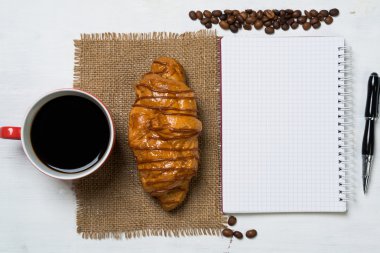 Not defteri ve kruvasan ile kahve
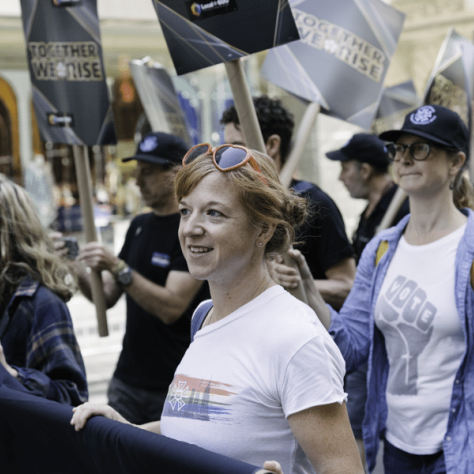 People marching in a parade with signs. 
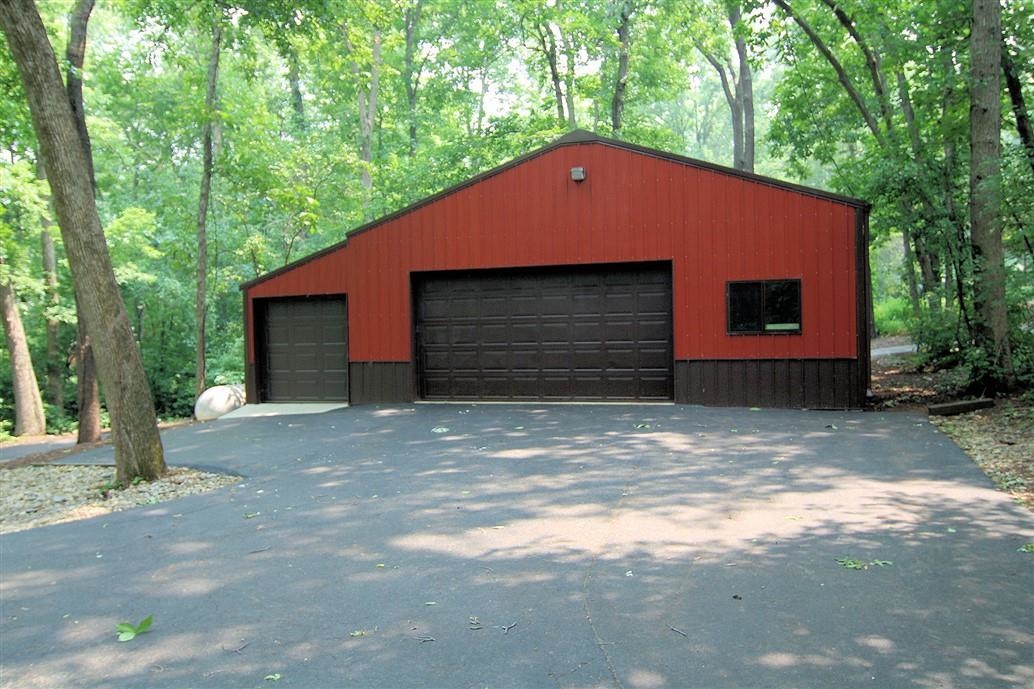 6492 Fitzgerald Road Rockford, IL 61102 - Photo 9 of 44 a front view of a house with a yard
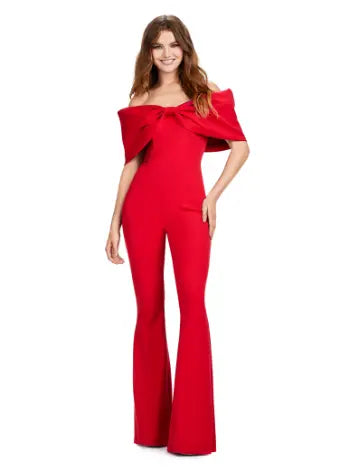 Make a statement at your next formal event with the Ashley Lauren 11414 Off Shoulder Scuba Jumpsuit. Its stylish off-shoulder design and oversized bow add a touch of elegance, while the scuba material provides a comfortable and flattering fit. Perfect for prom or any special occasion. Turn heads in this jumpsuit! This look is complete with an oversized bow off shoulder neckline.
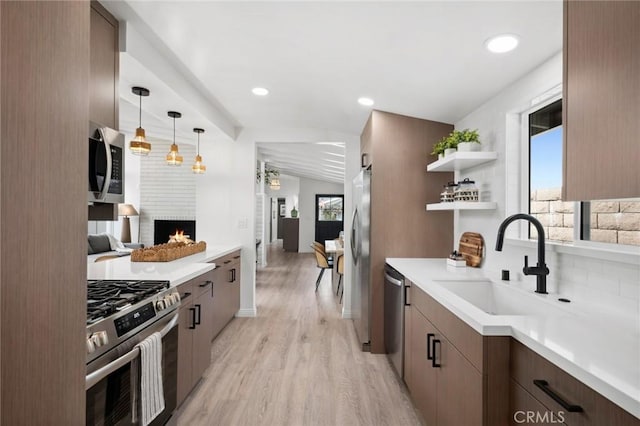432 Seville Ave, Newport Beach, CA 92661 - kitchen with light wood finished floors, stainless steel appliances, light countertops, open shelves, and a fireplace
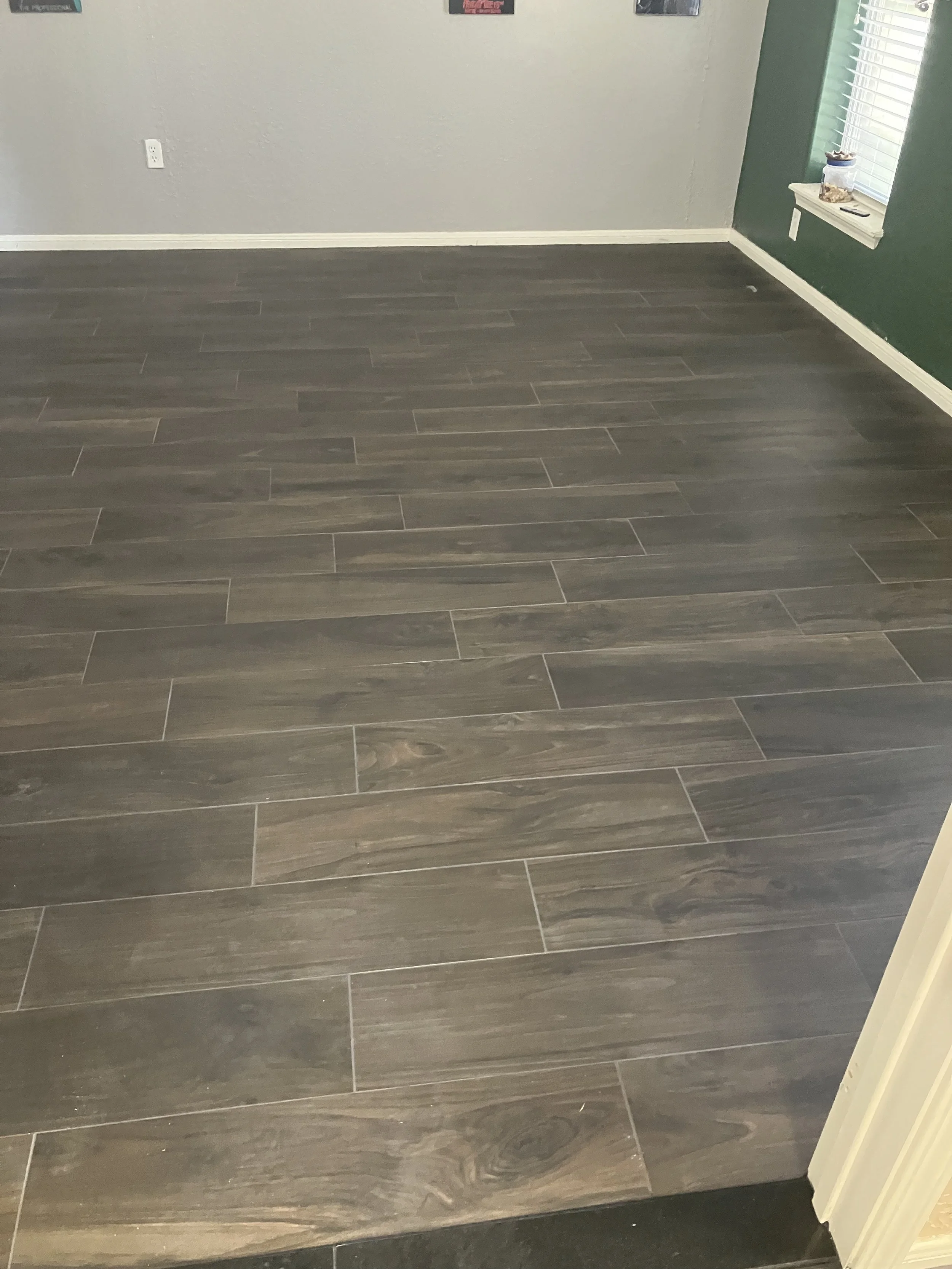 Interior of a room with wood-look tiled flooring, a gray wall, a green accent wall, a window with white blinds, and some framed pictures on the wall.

> Task to complete
Take every record and copy it word for word, dropping the pictures.

> Output
 Not defteri ve kruvasan ile kahve
 People marching in a parade with signs. 
 6492 Fitzgerald Road Rockford, IL 61102 - Photo 9 of 44 a front view of a house with a yard
 Make a statement at your next formal event with the Ashley Lauren 11414 Off Shoulder Scuba Jumpsuit. Its stylish off-shoulder design and oversized bow add a touch of elegance, while the scuba material provides a comfortable and flattering fit. Perfect for prom or any special occasion. Turn heads in this jumpsuit! This look is complete with an oversized bow off shoulder neckline.
432 Seville Ave, Newport Beach, CA 92661 - kitchen with light wood finished floors, stainless steel appliances, light countertops, open shelves, and a fireplace
 Interior of a room with wood-look tiled flooring, a gray wall, a green accent wall, a window with white blinds, and some framed pictures on the wall.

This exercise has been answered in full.